The Emmys were all wrong this year
September 26, 2019
Every award show is controversial, a fact supported by the countless complaints from social media after all of them. Although I’m typically one to accept who wins and who doesn’t, this year’s Primetime Emmys left me genuinely enraged. Although some wins, like Fleabag for Outstanding Comedy Series, were well-deserved, all too many must have been picked at random. Here are the biggest categories where nominees were absolutely robbed.
Outstanding Drama Series
The fact that Game of Thrones won the Emmy for Outstanding Drama Series angered me more than the season they won it for. Season eight of GOT was the absolute worst season of their show, nothing made sense. The plot was bad, the ending was bad and the lighting was worse. The fact that it won against fantastic shows like Killing Eve and Pose is practically a hate crime against me.
Outstanding Competition Series
RuPaul’s Drag Race has gone on far too long. In an age of equality, RuPaul is only looking out for cisgender gays, what with the show’s constant problem when dealing with trans drag queens. Nailed It!, the underrated Netflix baking show for amateurs, should have been a clear winner. It’s hilarious, the hosts are charming with great chemistry, and who doesn’t love a harmless baking show? No one.
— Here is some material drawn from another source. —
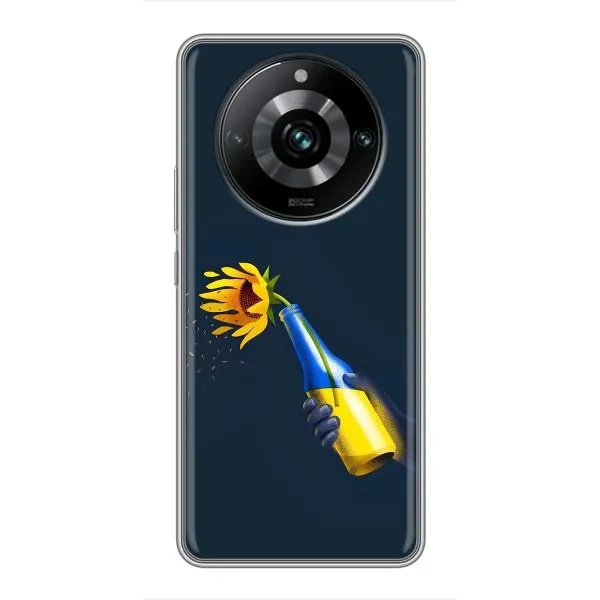 Чехол с принтом «Коктейль молотова» для Realme 11 Pro Plus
Outstanding Lead Actress in a Limited Series
If Amy Adams doesn’t win a major award soon I’m going to riot. Adams has the range, from the hilarious Enchanted, to the striking beauty of 2016’s Arrival, to the haunting Sharp Objects–the very series Adams was nominated for. She first started acting 20 years ago in Drop Dead Gorgeous, a comedy that should have earned her her very first award. Did you know Adams has been nominated for an Oscar six times and has never won? She deserves the same outcry for every lost award as Leonardo DiCaprio.
Outstanding Limited Series
Listen, I know that Chernobyl is good, but When They See Us is next level. How it showed the stories of the Central Park Five, or now more accurately the Exonerated Five, was absolutely chilling and breathtaking. It shoved their lives into the spotlight and forced people to remember how these five young black boys suffered at the hands of racism–something that has quite frankly never been more relevant.